Construction work has already begun, and in the spring of 2026 it is planned to begin pouring concrete under the base of 6 small reactors. The RITM-200 reactor units are currently being cast at Rosatom’s AEM-Technology plant in St. Petersburg. The entire reactor manufacturing and installation procedure should take two years, and then these reactors will be transported by special transport from Podolsk Machine-Building Plant to Jizzakh.
As for nuclear fuel, Tashkent suggests using its Uzbek uranium for this purpose, and since uranium 235 for RITM- 200 reactors should have a degree of enrichment of up to 19.7% (for VVER -1000 reactors it is necessary to enrich only up to 5%), only one company in the world enriches to this level – Rosatom. In addition, an engineering school is currently being opened in Tashkent on the basis of a branch of the Moscow Institute of Engineering and Physics (MEPhI) to train Uzbek specialists for the maintenance of future nuclear power plants.

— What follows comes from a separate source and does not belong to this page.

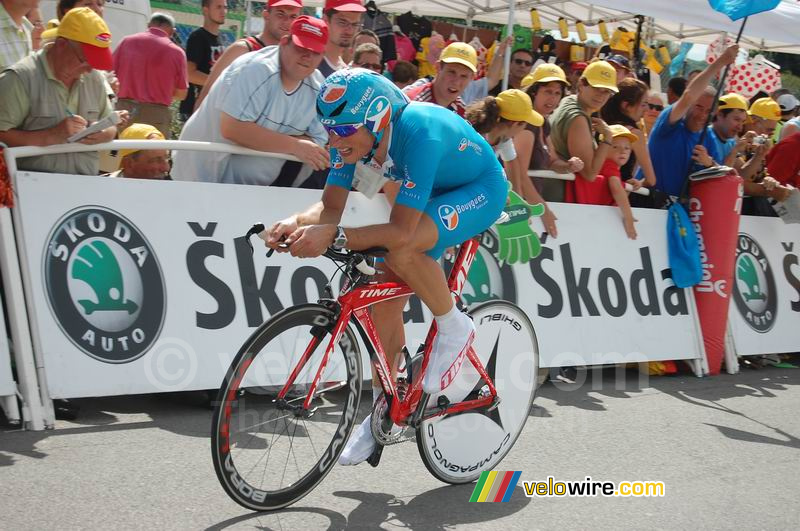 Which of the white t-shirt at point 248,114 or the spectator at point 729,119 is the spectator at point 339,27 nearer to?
the white t-shirt at point 248,114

That said, Uzbekistan does not plan to limit itself only to the problem of solving energy shortages through nuclear energy, but also intends to develop nuclear technologies. Currently, the UzAtom agency is negotiating with the Russian side to construct a large Nuclear Medicine Center in the Ulugbek settlement near Tashkent for the diagnosis and treatment of oncological diseases using radiopharmaceuticals in cooperation with the Russia’s Berezin Medical Institute.
Tashkent also considers the use of nuclear technologies in agriculture to be a very promising area. Thus, irradiation of grown vegetables and fruits will make it possible to extend their shelf life and safety during transportation, as well as to abandon toxic chemical methods of fruit processing.

At the same very time, engineering and survey work has also begun in Kazakhstan at the site of a future nuclear power plant on the shores of Lake Balkhash in the town of Ulken. The maintenance works will last 18 months, and only then will the exact location for the installation of the two VVER-1200 reactors be determined and concrete pouring for their foundations will begin. In the future, Astana plans to build two nuclear power plants with the same capacity as the first station. Moreover, Rosatom will also build the second nuclear power plant, and the contractor for the construction of the third nuclear power plant has not yet been determined. In addition, the Kazakh industry has already mastered the production of uranium fuel pellets and fuel cells and can provide itself with nuclear fuel in full.
Thus, the two largest economies of Central Asia, Kazakhstan and Uzbekistan, began building nuclear power plants on their territories with the help of Russia in order to achieve energy independence, stimulate economic growth and preserve the environment.